The decision of the Court of Appeal in Welsh Ministers v RWE Npower Renewables Ltd [2012] EWCA Civ 311 usefully illustrates two aspects of an inspector’s duties in relation to a planning appeal, and also the limitations on those duties. In that case, the Welsh Ministers accepted the recommendation of their inspector – following a public inquiry – and refused planning permission for a wind farm consisting of 19 wind turbines. The appeal site was situated on grazed moorland, containing peat deposits. The inspector had found that although the renewable energy benefits of the wind farm proposal would outweigh its conflict with the development plan, permission should be refused owing to the risk of an unacceptable degree of harm to the peat bog habitat. Furthermore, that harm could not be overcome by imposing conditions.

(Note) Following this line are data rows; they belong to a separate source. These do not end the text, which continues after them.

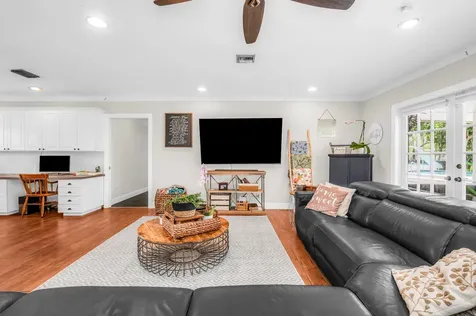 4734 Jefferson Street Hollywood FL 33021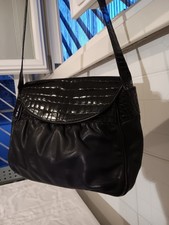 Una splendida borsa Fendi vintage anni 90 in pelle nera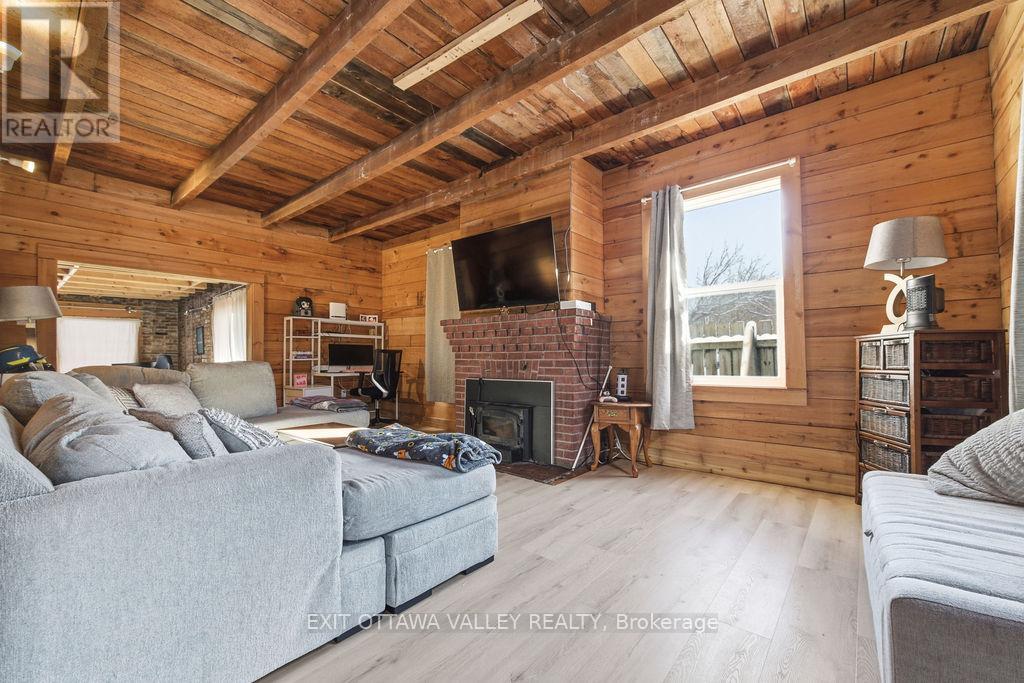 815 Pembroke Street W, Pembroke, Ontario  K8A 5P5 - Photo 5 - X12748076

The developer’s first contention was that the inspector’s decision was insufficiently reasoned. More particularly, he had given inadequate reasons for disagreeing with the evidence of its expert witnesses that the significant effects of the proposal on ecology and hydrology would be minimal. The court rejected this argument, holding that while the expert evidence required careful consideration, the inspector was not bound to accept the opinion of the expert witnesses and was not disentitled from making his own planning judgement on the question. His reasoning could not legitimately be criticised. When considering the adequacy of an inspector’s reasons, the background of his decision had to be taken into account. Here the developer was well aware of the issues involved, and of the importance of peat bog habitats.
The developer’s second contention was that there had been a procedural unfairness. The inspector should have put his provisional view on harm to the developer’s expert witnesses when they gave evidence so as to give them an opportunity to address his concerns. The court rejected this argument also, holding that the inspector was not obliged to put his provisional view to them. In fact, he may not have formed a view until he had fully considered the evidence after the inquiry. He was not required to tell the expert witnesses that he might not accept their opinions; that was, or should have been, obvious. The developer knew that the inspector had to make a planning judgment, and it had every opportunity to put its case to him.